An exact repetition of the data is required; no picture should appear in it.
──────────
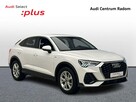 Audi Q3 Sportback 35TFSI 150KM Stronic VirtualPlus Kamera Tempomat ACC Matrix LED - 7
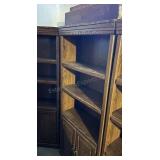 Bookcase 12x30x71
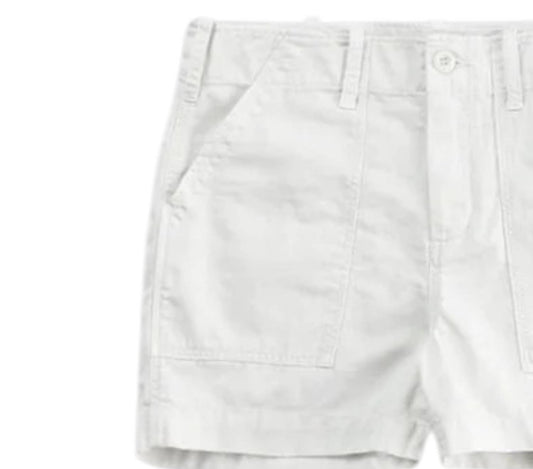 G1 - Women's Slub Dobby Surplus Shorts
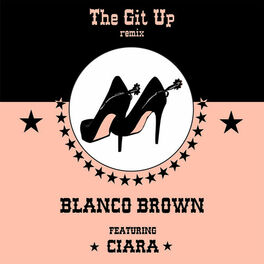 Album cover of The Git Up (feat. Ciara) (Remix)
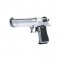 DESERT EAGLE CO2 SILVER PISTOL CALIBER 6 MM KWC [KW-51S]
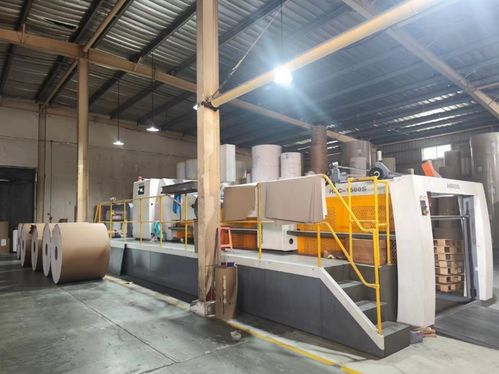 国贸股份联手京东科技，10亿供应链金融授信首落浆纸行业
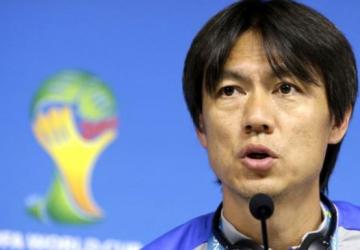 المدرب الكوري الجنوبي هونج ميونج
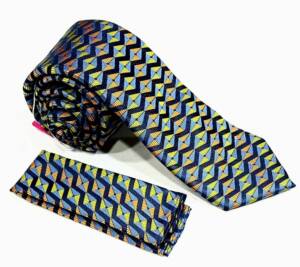 High Quality Men Tie Multicolor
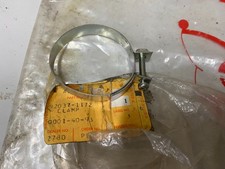 KAWASAKI NOS CARB / FRAME CLAMP KDX175 KDX200 KDX80 KX125 KX60 KX80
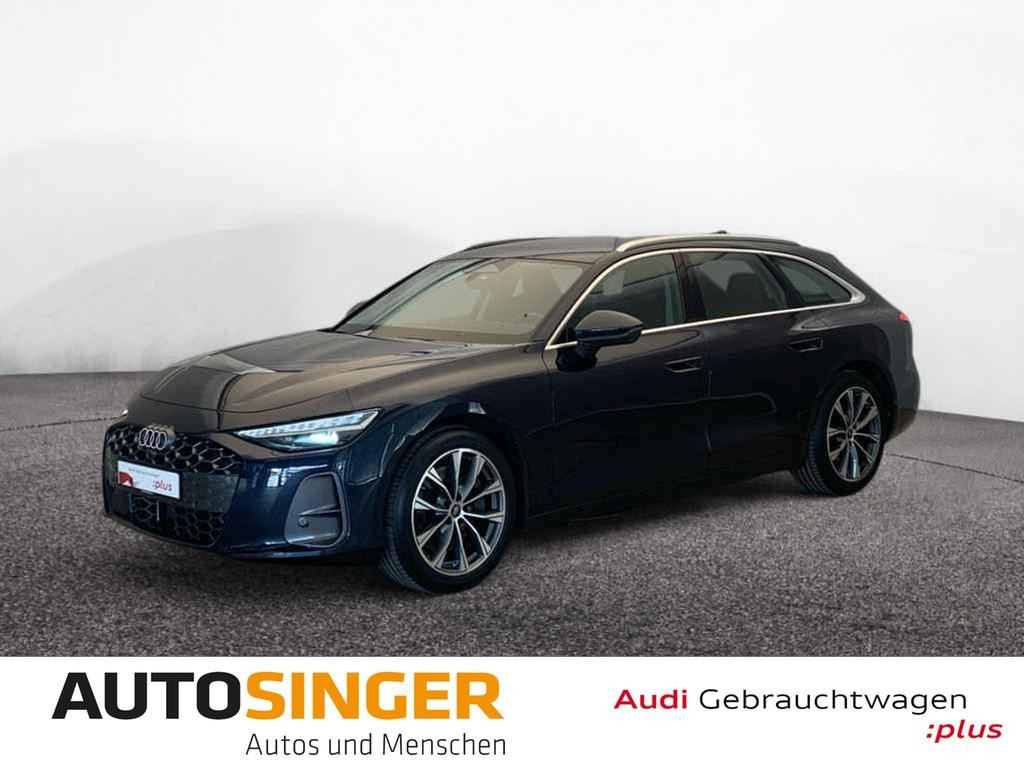 Audi A6 Avant Quattro
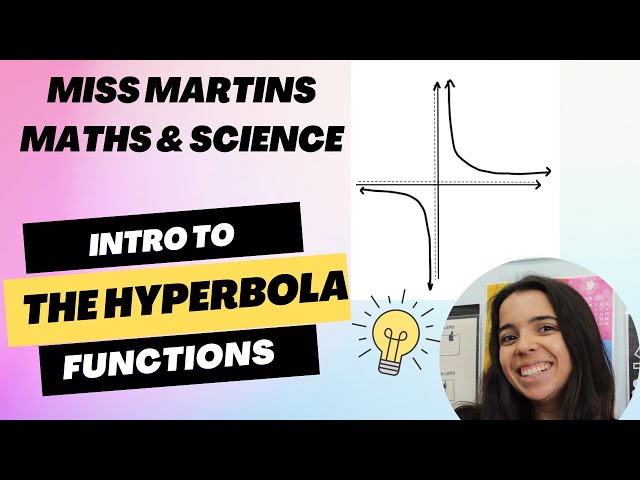 Hyperbola Grade 10 Functions Introduction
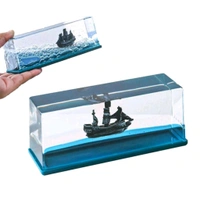 Trending Cute Wave Pirates of the Caribbean Ship MC079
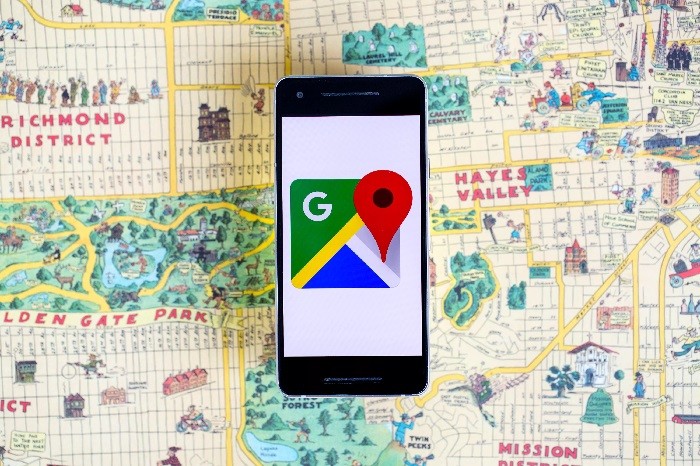 7 Fitur Rahasia Google Maps yang Perlu Anda Ketahui. (FOTO : MNC Media)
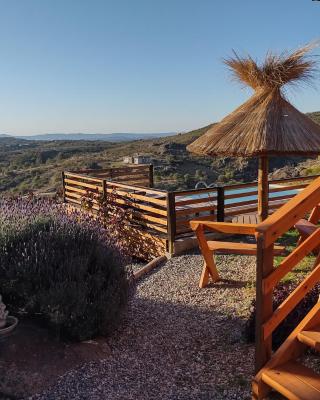 CABAÑAS PIRCAS DE CAMPO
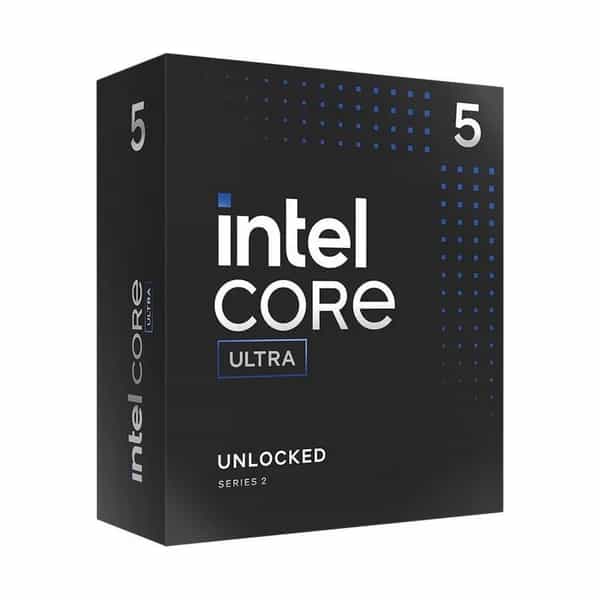 Procesador Intel Core Ultra 5 225F 4.2 GHz 22 LGA1851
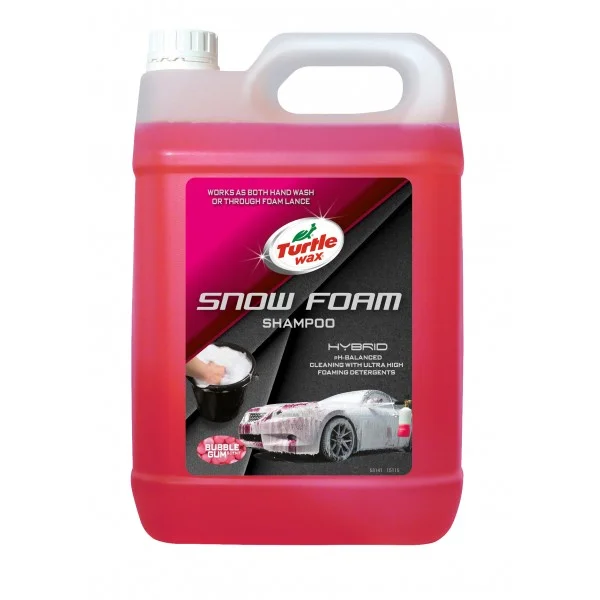 TURTLE WAX HYBRID SNOW FOAM 2.5LTR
──────────
WRITTEN ANSWER »
 Audi Q3 Sportback 35TFSI 150KM Stronic VirtualPlus Kamera Tempomat ACC Matrix LED - 7
 Bookcase 12x30x71
 G1 - Women's Slub Dobby Surplus Shorts
 Album cover of The Git Up (feat. Ciara) (Remix)
 DESERT EAGLE CO2 SILVER PISTOL CALIBER 6 MM KWC [KW-51S]
 国贸股份联手京东科技，10亿供应链金融授信首落浆纸行业
 المدرب الكوري الجنوبي هونج ميونج
 High Quality Men Tie Multicolor
 KAWASAKI NOS CARB / FRAME CLAMP KDX175 KDX200 KDX80 KX125 KX60 KX80
 Audi A6 Avant Quattro
 Hyperbola Grade 10 Functions Introduction
 Trending Cute Wave Pirates of the Caribbean Ship MC079
 7 Fitur Rahasia Google Maps yang Perlu Anda Ketahui. (FOTO : MNC Media)
 CABAÑAS PIRCAS DE CAMPO
 Procesador Intel Core Ultra 5 225F 4.2 GHz 22 LGA1851
 TURTLE WAX HYBRID SNOW FOAM 2.5LTR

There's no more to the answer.